On March 31, 2026, the carefully manicured veil of secrecy surrounding Anthropic’s most ambitious project was accidentally stripped away. In what will likely be remembered as the most significant “packaging fail” in the history of the artificial intelligence industry, Chaofan Shou, a security researcher and Solayer Labs intern, discovered that the full source code for Claude Code—Anthropic’s flagship agentic CLI—was sitting in plain sight on the public npm registry. The scale of the exposure was staggering: 512,000 lines of original TypeScript and a 59.8 MB source map file (cli.js.map) that functioned as a high-definition blueprint for the company’s “agentic harness.”
The irony was thick enough to choke on. Within the leaked files sat a module called undercover.ts, a sophisticated secrecy subsystem designed to prevent Claude from accidentally leaking internal codenames in public commits. Yet, while the AI was being trained to stay “undercover,” the humans behind the curtain had inadvertently published the entire project. This was not a sophisticated external breach or a state-sponsored hack; it was the digital equivalent of leaving the blueprints for a high-security vault on a park bench. For a company valued at $380 billion and obsessed with AI safety and alignment, the incident served as a humbling reminder that even the most advanced intelligence in the world is still at the mercy of a misconfigured configuration file.
The Anatomy of a Packaging Error
Peeling back the layers of the @anthropic-ai/claude-code package (version 2.1.88) reveals a failure sequence that was both mundane and entirely preventable. The exposure resulted from the intersection of a documented runtime bug, a failure in release hygiene, and a lack of automated safeguards at the artifact boundary.
The Bun Runtime Bug and Issue #28001
In late 2024, Anthropic migrated Claude Code to the Bun runtime and bundler to capitalize on its superior execution speed. However, this move introduced a hidden vulnerability. GitHub issue #28001 in the Bun repository describes a persistent bug where the bundler generates and serves source maps even when the development: false flag is explicitly set. Despite being a documented and reproducible issue for weeks, Anthropic’s build pipeline continued to churn out production artifacts with a sourceMappingURL comment appended to the output. This comment acted as a direct pointer to the cli.js.map file, which contained the unminified, unobfuscated TypeScript source code for nearly 2,000 files.
The .npmignore Oversight
While the Bun bug provided the match, the absence of a robust .npmignore file provided the fuel. In the npm ecosystem, the registry whitelists everything in a directory by default unless it is explicitly excluded. Anthropic failed to include *.map exclusion rules in their ignore configuration.
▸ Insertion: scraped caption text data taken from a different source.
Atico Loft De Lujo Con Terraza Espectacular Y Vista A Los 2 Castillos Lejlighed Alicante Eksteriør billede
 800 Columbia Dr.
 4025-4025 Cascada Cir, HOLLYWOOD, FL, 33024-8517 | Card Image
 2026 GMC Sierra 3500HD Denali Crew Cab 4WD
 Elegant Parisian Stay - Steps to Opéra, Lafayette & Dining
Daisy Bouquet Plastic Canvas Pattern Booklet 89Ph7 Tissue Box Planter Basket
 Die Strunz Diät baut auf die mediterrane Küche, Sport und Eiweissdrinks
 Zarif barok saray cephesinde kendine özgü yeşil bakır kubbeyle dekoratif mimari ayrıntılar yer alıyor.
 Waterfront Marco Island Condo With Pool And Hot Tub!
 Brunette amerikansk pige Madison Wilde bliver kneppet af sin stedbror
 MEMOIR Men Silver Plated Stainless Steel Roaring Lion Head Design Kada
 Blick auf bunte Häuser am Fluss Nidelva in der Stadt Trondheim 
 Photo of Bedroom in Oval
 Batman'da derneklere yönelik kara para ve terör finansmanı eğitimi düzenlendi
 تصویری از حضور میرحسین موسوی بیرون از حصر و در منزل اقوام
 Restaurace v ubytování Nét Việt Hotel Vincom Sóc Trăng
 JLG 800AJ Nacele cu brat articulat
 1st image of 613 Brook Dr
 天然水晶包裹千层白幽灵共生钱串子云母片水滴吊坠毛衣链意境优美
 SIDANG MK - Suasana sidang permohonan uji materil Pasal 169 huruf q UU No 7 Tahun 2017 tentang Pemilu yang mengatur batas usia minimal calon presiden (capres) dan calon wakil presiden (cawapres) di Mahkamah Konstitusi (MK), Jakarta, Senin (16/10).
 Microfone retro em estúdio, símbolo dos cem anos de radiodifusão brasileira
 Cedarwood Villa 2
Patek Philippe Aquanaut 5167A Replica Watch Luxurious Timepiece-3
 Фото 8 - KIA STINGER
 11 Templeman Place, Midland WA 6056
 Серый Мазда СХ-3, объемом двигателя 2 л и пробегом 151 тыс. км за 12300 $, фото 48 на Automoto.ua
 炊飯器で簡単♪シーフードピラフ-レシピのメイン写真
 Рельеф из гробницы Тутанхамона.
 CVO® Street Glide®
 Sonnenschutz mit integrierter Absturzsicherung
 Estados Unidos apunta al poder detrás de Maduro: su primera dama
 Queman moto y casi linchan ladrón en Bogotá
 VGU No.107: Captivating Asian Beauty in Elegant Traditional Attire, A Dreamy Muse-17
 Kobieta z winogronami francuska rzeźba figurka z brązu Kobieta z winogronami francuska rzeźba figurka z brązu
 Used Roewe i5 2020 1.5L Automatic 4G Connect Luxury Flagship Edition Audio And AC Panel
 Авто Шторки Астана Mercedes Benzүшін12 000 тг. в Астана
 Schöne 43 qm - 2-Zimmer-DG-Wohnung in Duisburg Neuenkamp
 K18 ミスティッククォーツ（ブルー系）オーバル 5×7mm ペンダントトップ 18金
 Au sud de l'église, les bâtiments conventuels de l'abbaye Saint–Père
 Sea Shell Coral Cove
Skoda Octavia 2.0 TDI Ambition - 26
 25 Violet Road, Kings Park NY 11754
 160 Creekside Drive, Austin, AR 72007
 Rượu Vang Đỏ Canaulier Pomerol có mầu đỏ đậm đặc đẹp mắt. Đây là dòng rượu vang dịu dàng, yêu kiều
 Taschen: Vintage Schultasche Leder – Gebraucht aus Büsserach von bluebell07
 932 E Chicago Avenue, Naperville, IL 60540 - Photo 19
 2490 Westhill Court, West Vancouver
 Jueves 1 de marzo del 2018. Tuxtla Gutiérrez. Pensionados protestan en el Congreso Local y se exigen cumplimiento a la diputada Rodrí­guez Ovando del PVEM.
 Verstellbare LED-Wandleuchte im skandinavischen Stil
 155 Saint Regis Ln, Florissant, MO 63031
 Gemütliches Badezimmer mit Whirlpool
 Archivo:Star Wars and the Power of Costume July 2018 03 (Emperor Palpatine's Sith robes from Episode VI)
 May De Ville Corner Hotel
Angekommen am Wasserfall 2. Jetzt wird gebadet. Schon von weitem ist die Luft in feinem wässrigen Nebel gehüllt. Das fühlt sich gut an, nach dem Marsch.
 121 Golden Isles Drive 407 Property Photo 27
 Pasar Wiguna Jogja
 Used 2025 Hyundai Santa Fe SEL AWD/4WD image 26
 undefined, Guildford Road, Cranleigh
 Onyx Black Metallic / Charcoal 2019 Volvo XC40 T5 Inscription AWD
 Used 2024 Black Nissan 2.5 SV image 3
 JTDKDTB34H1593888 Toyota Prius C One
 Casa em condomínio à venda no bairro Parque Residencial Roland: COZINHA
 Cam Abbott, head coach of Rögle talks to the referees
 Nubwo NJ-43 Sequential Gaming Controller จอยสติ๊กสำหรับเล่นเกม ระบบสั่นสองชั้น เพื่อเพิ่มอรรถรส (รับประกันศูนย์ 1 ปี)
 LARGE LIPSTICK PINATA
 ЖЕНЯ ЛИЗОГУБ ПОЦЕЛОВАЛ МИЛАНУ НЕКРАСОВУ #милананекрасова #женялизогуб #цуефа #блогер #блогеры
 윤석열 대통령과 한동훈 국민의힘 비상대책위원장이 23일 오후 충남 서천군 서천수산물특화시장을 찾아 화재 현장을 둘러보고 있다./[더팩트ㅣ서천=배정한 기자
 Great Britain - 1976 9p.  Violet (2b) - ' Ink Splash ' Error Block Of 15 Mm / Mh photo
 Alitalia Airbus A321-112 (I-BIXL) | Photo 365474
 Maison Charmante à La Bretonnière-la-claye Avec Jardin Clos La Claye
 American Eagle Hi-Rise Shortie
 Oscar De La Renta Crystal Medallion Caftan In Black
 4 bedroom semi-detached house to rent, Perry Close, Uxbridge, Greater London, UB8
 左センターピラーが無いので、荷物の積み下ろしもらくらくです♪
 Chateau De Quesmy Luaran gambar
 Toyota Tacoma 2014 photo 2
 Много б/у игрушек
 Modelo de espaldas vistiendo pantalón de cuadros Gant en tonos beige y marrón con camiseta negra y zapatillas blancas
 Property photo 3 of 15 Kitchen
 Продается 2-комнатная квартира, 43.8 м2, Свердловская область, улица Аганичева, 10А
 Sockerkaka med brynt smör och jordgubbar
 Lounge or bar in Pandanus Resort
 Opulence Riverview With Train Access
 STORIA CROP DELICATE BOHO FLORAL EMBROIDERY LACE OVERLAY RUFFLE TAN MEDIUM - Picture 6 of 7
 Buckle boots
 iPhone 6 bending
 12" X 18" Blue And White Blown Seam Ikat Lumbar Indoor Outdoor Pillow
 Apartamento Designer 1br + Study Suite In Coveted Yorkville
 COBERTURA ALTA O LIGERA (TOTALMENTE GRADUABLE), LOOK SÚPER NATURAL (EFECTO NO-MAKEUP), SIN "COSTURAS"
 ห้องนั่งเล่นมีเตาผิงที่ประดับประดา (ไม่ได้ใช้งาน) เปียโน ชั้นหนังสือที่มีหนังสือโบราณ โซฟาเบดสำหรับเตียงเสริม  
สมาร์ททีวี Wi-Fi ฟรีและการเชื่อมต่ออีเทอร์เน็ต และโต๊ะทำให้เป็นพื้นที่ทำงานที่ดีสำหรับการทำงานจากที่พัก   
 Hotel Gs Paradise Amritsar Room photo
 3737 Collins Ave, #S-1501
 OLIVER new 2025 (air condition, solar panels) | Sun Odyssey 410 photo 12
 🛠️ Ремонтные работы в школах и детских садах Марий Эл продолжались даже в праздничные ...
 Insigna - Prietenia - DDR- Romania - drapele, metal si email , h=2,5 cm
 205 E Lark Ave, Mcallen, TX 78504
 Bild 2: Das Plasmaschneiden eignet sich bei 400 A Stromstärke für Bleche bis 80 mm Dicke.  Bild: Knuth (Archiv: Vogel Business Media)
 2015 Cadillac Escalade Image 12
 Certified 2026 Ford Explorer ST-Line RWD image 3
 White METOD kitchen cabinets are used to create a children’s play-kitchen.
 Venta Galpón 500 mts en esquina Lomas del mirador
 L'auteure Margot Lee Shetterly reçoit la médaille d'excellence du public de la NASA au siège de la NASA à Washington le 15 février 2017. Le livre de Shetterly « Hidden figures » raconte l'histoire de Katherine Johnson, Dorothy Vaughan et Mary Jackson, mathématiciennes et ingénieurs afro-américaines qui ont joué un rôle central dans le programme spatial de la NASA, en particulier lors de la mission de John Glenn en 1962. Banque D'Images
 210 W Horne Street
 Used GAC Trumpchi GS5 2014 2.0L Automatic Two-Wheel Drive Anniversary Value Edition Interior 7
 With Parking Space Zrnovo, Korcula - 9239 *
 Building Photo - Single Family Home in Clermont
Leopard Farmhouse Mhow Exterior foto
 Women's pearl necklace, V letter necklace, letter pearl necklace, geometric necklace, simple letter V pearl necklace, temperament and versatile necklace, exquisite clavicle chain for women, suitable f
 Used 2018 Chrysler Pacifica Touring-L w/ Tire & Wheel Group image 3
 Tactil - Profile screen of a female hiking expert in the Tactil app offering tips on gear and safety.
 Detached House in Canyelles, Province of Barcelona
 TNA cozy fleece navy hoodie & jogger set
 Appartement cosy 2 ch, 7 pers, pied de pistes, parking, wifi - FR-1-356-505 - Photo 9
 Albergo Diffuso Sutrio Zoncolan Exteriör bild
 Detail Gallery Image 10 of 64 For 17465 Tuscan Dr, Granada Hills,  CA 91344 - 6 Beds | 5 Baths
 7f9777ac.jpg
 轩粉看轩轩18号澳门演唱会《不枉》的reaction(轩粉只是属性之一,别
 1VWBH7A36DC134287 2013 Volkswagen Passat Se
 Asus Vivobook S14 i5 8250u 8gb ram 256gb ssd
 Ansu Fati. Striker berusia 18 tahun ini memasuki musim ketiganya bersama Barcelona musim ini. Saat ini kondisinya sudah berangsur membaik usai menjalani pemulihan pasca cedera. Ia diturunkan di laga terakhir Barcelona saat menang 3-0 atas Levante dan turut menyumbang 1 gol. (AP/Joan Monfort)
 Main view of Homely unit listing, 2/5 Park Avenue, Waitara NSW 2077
This oversight meant that every time the team ran a publish command, the sensitive debugging maps were bundled into the public tarball. The community’s investigation highlighted that a simple ten-second manual audit of the package via npm pack –dry-run would have revealed the original source code sitting inside the distribution, yet the high-velocity “vibe coding” culture at Anthropic seemingly prioritized shipping over checking.
The Cloudflare R2 Connection
The exposure was deepened by the way Anthropic managed its build artifacts. The leaked source map didn’t just contain the code inlined; it pointed directly to a ZIP archive hosted on an Anthropic-owned Cloudflare R2 bucket. This created a secondary, high-bandwidth path for data exfiltration. Once the link was public, the archive was mirrored across GitHub over 41,500 times within hours. Even as Anthropic’s legal team scrambled to issue DMCA takedowns, the “blueprints” were already being parsed by every competitor in the AI space.
KAIROS and the Secret Feature Roadmap
The leak provided a rare look at Anthropic’s aggressive unreleased roadmap, hidden behind 44 active feature flags. These weren’t mere experiments; they were fully realized systems with detailed prompt engineering, analytics, and error handling.
KAIROS: The Proactive Autonomous Daemon
The most profound discovery was KAIROS (Ancient Greek for “the right time”). Mentioned more than 150 times in the source, KAIROS represents a shift from a reactive CLI to an “always-on” background assistant. Unlike the public version of Claude Code, which only acts when a user types a command, KAIROS is designed as a persistent daemon that monitors development activity. It utilizes exclusive tools like PushNotification and SubscribePR to intervene proactively. The system operates on a 15-second “blocking budget” per cycle, ensuring it remains fast enough to maintain an interactive loop while it “thinks” about the developer’s next move in the background.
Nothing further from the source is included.